Nothing but the entries, copied exactly, should appear in the response.

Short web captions
=== Begin Enclosure ===

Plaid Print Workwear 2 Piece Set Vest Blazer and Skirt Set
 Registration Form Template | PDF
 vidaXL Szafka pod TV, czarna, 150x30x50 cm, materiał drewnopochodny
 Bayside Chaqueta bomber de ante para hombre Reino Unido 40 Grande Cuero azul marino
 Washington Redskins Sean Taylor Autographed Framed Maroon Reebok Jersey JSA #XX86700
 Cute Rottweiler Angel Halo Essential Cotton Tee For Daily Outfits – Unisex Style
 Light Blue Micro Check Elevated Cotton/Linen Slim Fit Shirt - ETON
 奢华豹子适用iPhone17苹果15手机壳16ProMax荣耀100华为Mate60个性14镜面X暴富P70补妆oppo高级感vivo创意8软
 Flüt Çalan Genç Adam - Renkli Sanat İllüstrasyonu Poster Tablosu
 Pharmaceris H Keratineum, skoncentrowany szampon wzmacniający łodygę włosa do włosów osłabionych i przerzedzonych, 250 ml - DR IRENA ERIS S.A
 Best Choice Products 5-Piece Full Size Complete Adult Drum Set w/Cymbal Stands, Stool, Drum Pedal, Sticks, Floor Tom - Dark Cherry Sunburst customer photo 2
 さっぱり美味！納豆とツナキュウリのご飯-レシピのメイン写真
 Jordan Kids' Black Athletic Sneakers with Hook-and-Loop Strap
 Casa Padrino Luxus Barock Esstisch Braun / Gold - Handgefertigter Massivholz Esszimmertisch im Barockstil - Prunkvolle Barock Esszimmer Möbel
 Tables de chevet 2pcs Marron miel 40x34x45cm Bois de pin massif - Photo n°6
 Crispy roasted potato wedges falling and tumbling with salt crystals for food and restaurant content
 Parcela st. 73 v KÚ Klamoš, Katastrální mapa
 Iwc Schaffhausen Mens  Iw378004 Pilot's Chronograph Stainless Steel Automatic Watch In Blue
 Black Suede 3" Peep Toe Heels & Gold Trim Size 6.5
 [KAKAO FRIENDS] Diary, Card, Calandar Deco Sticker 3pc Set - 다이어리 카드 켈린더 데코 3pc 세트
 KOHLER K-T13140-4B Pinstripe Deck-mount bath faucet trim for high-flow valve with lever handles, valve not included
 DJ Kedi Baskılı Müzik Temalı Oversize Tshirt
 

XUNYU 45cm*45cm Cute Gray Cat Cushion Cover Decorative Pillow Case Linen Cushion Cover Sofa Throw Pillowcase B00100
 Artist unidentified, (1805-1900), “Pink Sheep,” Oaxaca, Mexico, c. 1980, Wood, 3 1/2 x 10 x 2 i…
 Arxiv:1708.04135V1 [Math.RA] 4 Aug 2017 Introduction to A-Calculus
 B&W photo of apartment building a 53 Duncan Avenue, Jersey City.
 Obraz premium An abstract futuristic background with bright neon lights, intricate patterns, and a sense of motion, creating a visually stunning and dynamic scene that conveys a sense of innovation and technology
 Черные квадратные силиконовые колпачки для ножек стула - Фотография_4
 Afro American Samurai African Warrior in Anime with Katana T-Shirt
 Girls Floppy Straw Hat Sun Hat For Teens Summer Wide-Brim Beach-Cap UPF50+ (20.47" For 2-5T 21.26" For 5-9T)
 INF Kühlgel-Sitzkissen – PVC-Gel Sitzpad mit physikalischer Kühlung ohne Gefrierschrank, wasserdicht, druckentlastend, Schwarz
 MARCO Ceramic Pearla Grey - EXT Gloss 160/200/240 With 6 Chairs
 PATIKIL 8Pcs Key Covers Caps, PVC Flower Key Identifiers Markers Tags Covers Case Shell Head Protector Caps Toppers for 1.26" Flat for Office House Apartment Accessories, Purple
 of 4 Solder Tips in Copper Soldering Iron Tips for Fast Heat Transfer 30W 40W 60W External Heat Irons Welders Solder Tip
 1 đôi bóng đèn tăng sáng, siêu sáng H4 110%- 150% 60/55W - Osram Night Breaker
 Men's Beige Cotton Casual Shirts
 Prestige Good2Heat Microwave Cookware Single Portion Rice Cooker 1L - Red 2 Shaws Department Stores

=== End Enclosure ===

Solution to this problem ▸
Plaid Print Workwear 2 Piece Set Vest Blazer and Skirt Set
 Registration Form Template | PDF
 vidaXL Szafka pod TV, czarna, 150x30x50 cm, materiał drewnopochodny
 Bayside Chaqueta bomber de ante para hombre Reino Unido 40 Grande Cuero azul marino
 Washington Redskins Sean Taylor Autographed Framed Maroon Reebok Jersey JSA #XX86700
 Cute Rottweiler Angel Halo Essential Cotton Tee For Daily Outfits – Unisex Style
 Light Blue Micro Check Elevated Cotton/Linen Slim Fit Shirt - ETON
 奢华豹子适用iPhone17苹果15手机壳16ProMax荣耀100华为Mate60个性14镜面X暴富P70补妆oppo高级感vivo创意8软
 Flüt Çalan Genç Adam - Renkli Sanat İllüstrasyonu Poster Tablosu
 Pharmaceris H Keratineum, skoncentrowany szampon wzmacniający łodygę włosa do włosów osłabionych i przerzedzonych, 250 ml - DR IRENA ERIS S.A
 Best Choice Products 5-Piece Full Size Complete Adult Drum Set w/Cymbal Stands, Stool, Drum Pedal, Sticks, Floor Tom - Dark Cherry Sunburst customer photo 2
 さっぱり美味！納豆とツナキュウリのご飯-レシピのメイン写真
 Jordan Kids' Black Athletic Sneakers with Hook-and-Loop Strap
 Casa Padrino Luxus Barock Esstisch Braun / Gold - Handgefertigter Massivholz Esszimmertisch im Barockstil - Prunkvolle Barock Esszimmer Möbel
 Tables de chevet 2pcs Marron miel 40x34x45cm Bois de pin massif - Photo n°6
 Crispy roasted potato wedges falling and tumbling with salt crystals for food and restaurant content
 Parcela st. 73 v KÚ Klamoš, Katastrální mapa
 Iwc Schaffhausen Mens  Iw378004 Pilot's Chronograph Stainless Steel Automatic Watch In Blue
 Black Suede 3" Peep Toe Heels & Gold Trim Size 6.5
 [KAKAO FRIENDS] Diary, Card, Calandar Deco Sticker 3pc Set - 다이어리 카드 켈린더 데코 3pc 세트
 KOHLER K-T13140-4B Pinstripe Deck-mount bath faucet trim for high-flow valve with lever handles, valve not included
 DJ Kedi Baskılı Müzik Temalı Oversize Tshirt
 

XUNYU 45cm*45cm Cute Gray Cat Cushion Cover Decorative Pillow Case Linen Cushion Cover Sofa Throw Pillowcase B00100
 Artist unidentified, (1805-1900), “Pink Sheep,” Oaxaca, Mexico, c. 1980, Wood, 3 1/2 x 10 x 2 i…
 Arxiv:1708.04135V1 [Math.RA] 4 Aug 2017 Introduction to A-Calculus
 B&W photo of apartment building a 53 Duncan Avenue, Jersey City.
 Obraz premium An abstract futuristic background with bright neon lights, intricate patterns, and a sense of motion, creating a visually stunning and dynamic scene that conveys a sense of innovation and technology
 Черные квадратные силиконовые колпачки для ножек стула - Фотография_4
 Afro American Samurai African Warrior in Anime with Katana T-Shirt
 Girls Floppy Straw Hat Sun Hat For Teens Summer Wide-Brim Beach-Cap UPF50+ (20.47" For 2-5T 21.26" For 5-9T)
 INF Kühlgel-Sitzkissen – PVC-Gel Sitzpad mit physikalischer Kühlung ohne Gefrierschrank, wasserdicht, druckentlastend, Schwarz
 MARCO Ceramic Pearla Grey - EXT Gloss 160/200/240 With 6 Chairs
 PATIKIL 8Pcs Key Covers Caps, PVC Flower Key Identifiers Markers Tags Covers Case Shell Head Protector Caps Toppers for 1.26" Flat for Office House Apartment Accessories, Purple
 of 4 Solder Tips in Copper Soldering Iron Tips for Fast Heat Transfer 30W 40W 60W External Heat Irons Welders Solder Tip
 1 đôi bóng đèn tăng sáng, siêu sáng H4 110%- 150% 60/55W - Osram Night Breaker
 Men's Beige Cotton Casual Shirts
 Prestige Good2Heat Microwave Cookware Single Portion Rice Cooker 1L - Red 2 Shaws Department Stores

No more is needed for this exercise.